Monday, September 16, 2013
Despite diplomacy on Syria, Obama says US prepared to attack Iran
US President Barack Obama has said the
United States is still prepared to “strike” Iran
over its nuclear program despite the decision
to back off a military threat against Syria.
The Obama administration blamed the Syrian
government for an alleged chemical weapons attack
near Damascus last month and declared it would
respond militarily. However, Washington reversed
course when Russia offered a new proposal to resolve
the crisis diplomatically.
“I think what the Iranians understand is that the
nuclear issue is a far larger issue for us than the
chemical weapons issue, that the threat... against
Israel that a nuclear Iran poses is much closer to our
core interests,” Obama said in an interview with ABC
broadcast on Sunday.
“My suspicion is that the Iranians recognize they
shouldn’t draw a lesson that we haven’t struck
[Syria] to think we won’t strike Iran.”
Obama made the comments on Friday before
Secretary of State John Kerry and his Russian
counterpart, Sergei Lavrov, announced an agreement
to bring Syria’s chemical weapons under
international control in order to avoid military strikes.
The plan envisages the removal and destruction of
Syria’s chemical weapons stockpile by mid-2014.

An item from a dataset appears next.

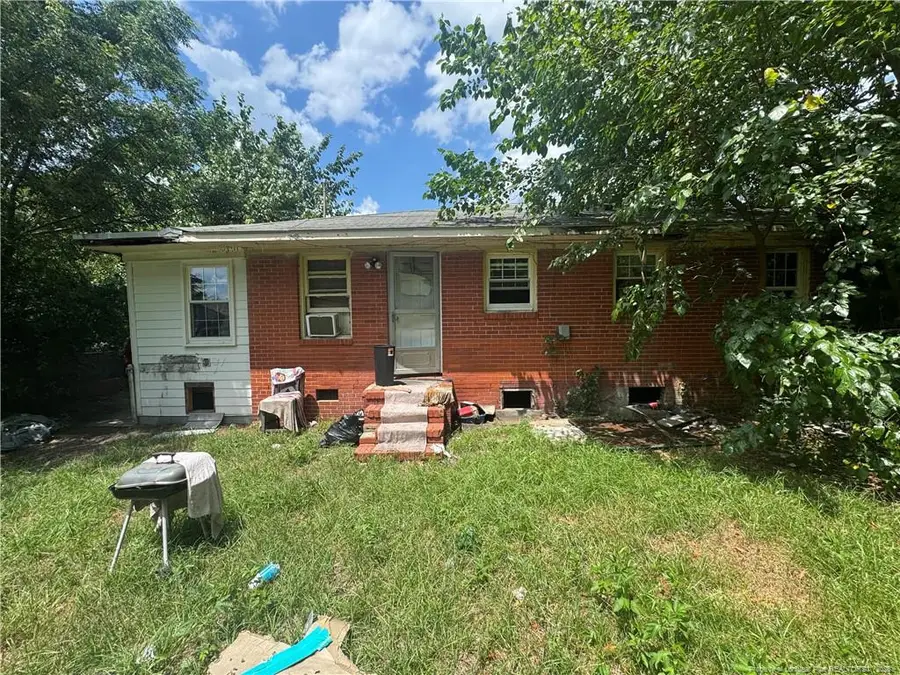 5307 Williamsburgh Drive, Fayetteville, NC 28304 - #3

While Obama said Iran should not interpret the
diplomatic course on Syria as suggesting the US
would not attack Iran, he signaled that it was
possible to resolve the Iranian standoff
diplomatically.
“My view is that if you have both a credible threat of
force, combined with a rigorous diplomatic effort,
that, in fact you can... strike a deal,” he said.

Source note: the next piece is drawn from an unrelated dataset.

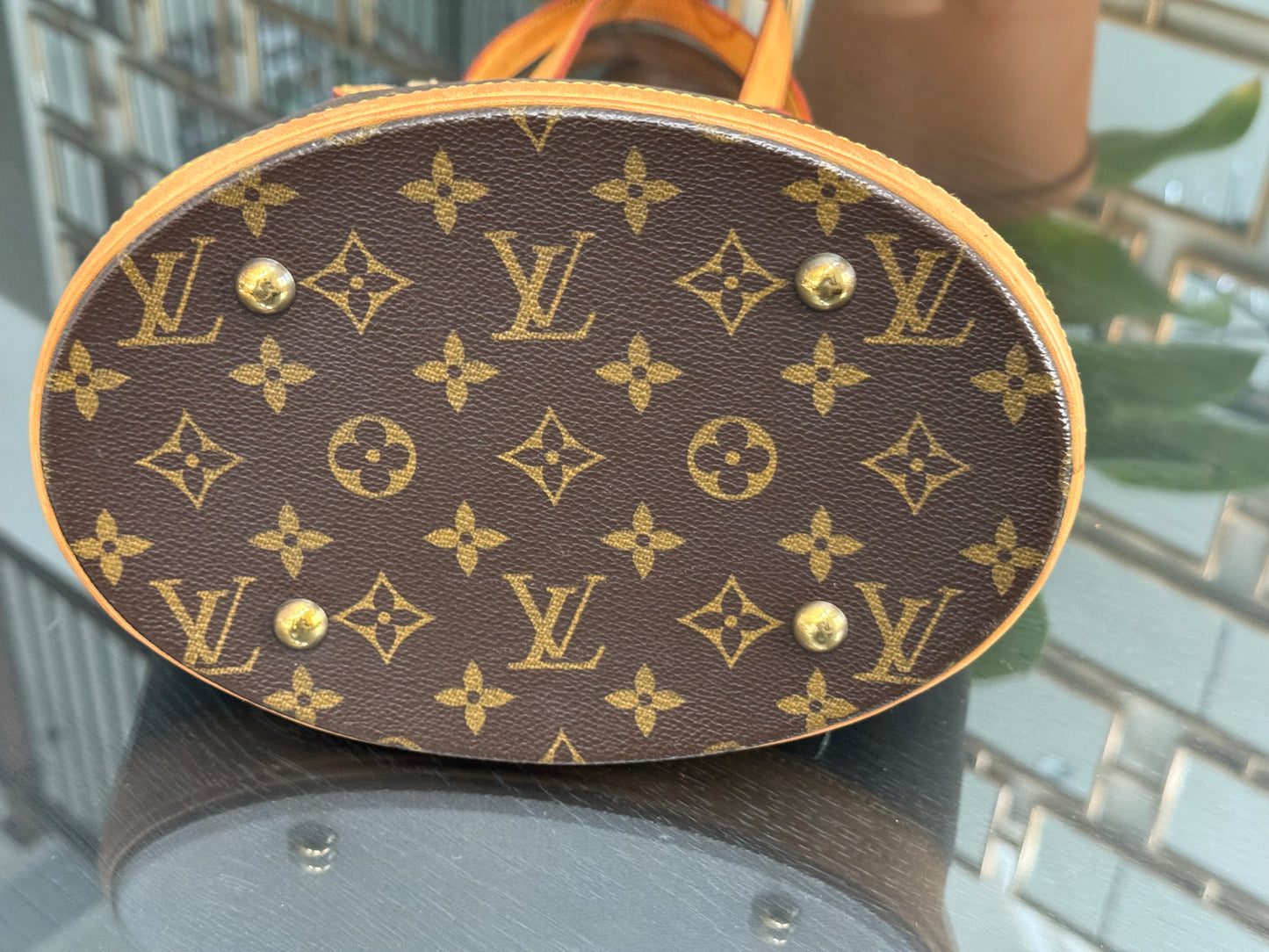 Petite Bucket in Monogram 🗓️ Year: 2003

The United States, Israel, and some of their allies
accuse Iran of pursuing non-civilian objectives in its
nuclear energy program.
Iran rejects the allegations, arguing that as a
committed signatory to the nuclear Non-Proliferation
Treaty (NPT) and a member of the International
Atomic Energy Agency (IAEA), it has the right to use
nuclear technology for peaceful purposes.